[[ Data provided open ]]
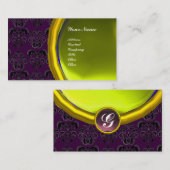 Carte De Visite DAMASK GEM STONE MONOGRAM, topaz jaune, violet (Devant / Derrière)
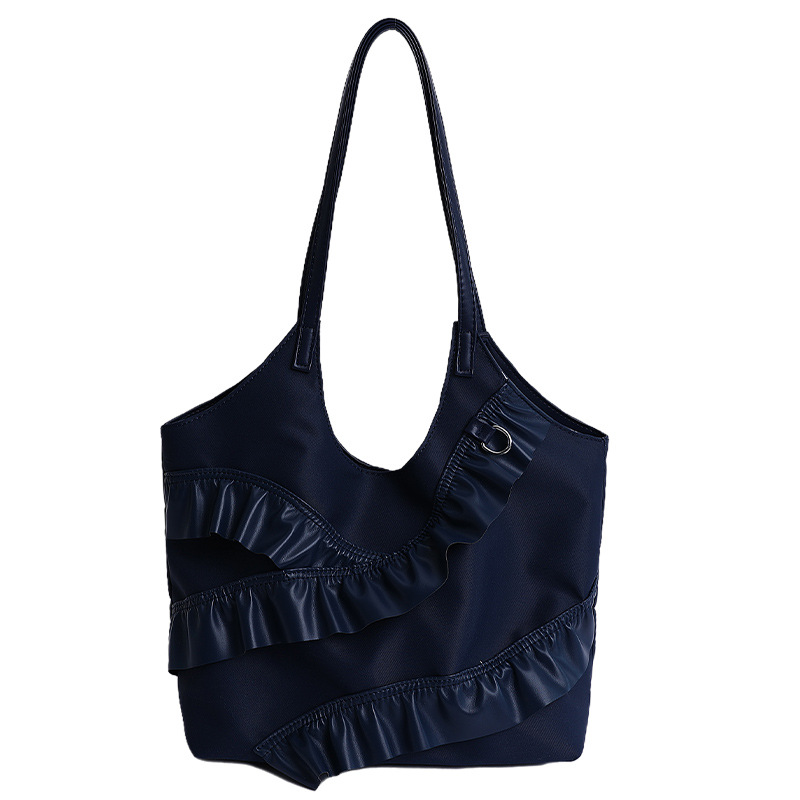 2025 New large-capacity tote bag, versatile bucket bag, stylish single-shoulder bag, fashionable underarm bag, solid-color women's bag Item Picture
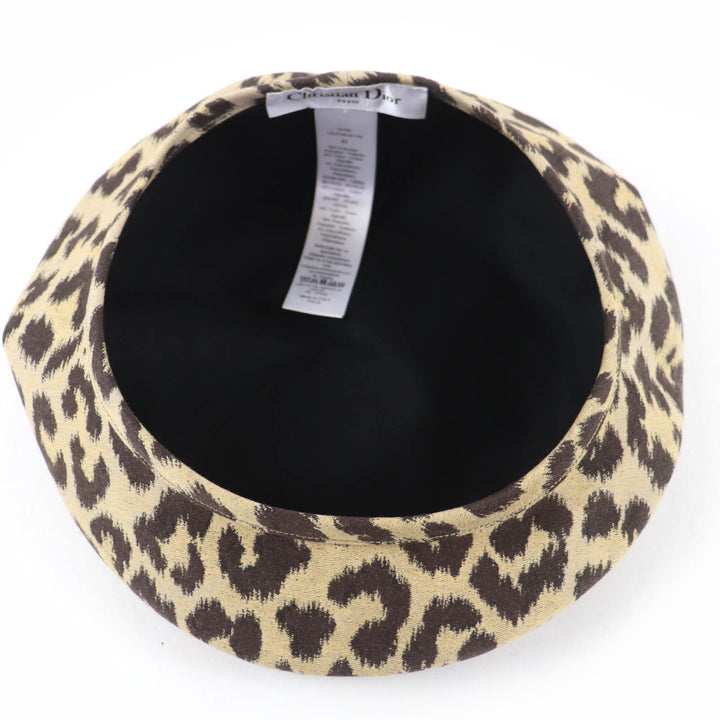 Excellent Christian Dior beret Leopard Pattern Brown Women 57 14LEO910I134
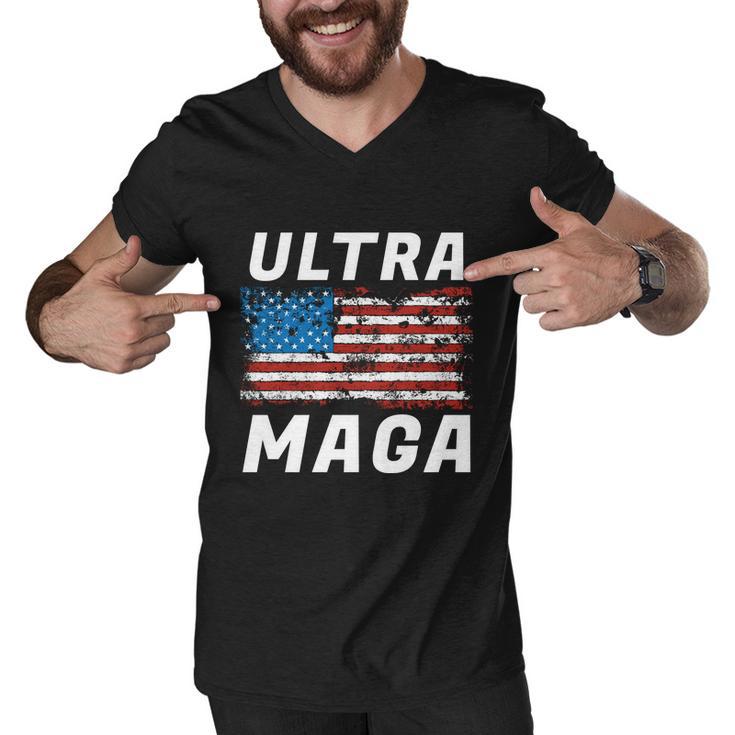 Ultra Maga Bold United States Of America Usa Flag Men V-Neck Tshirt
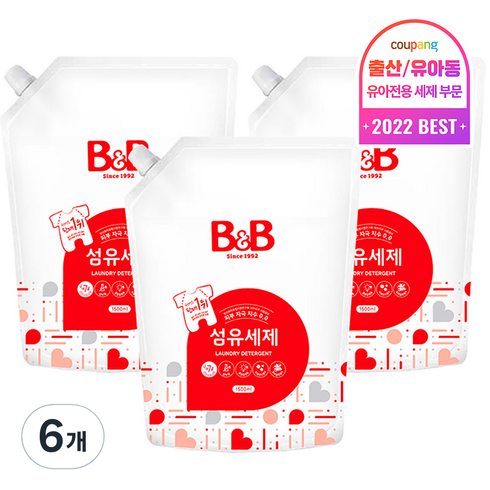 비앤비 섬유세제 리필, 1.5L, 6개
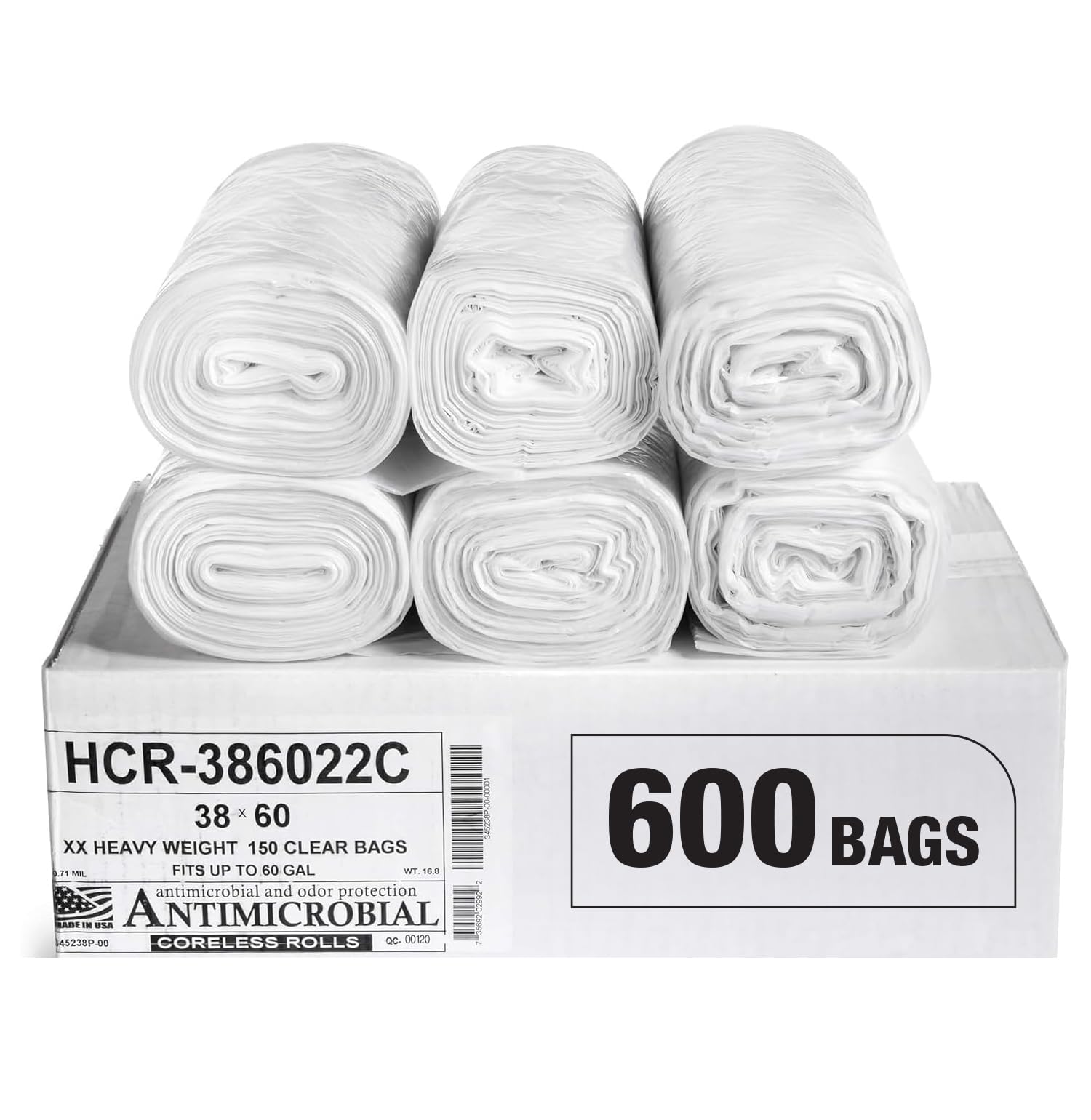 Aluf Plastics 60 Gallon 22 Micron (eq) Clear Trash Bags, 38" x 60" 600 Bags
[[ Data provided closed ]]
> [Exercise]:
Output a verbatim copy of all entries above; no pictures go in it.

> [Task output]:
 Carte De Visite DAMASK GEM STONE MONOGRAM, topaz jaune, violet (Devant / Derrière)
 2025 New large-capacity tote bag, versatile bucket bag, stylish single-shoulder bag, fashionable underarm bag, solid-color women's bag Item Picture
 Excellent Christian Dior beret Leopard Pattern Brown Women 57 14LEO910I134
 Ultra Maga Bold United States Of America Usa Flag Men V-Neck Tshirt
 비앤비 섬유세제 리필, 1.5L, 6개
 Aluf Plastics 60 Gallon 22 Micron (eq) Clear Trash Bags, 38" x 60" 600 Bags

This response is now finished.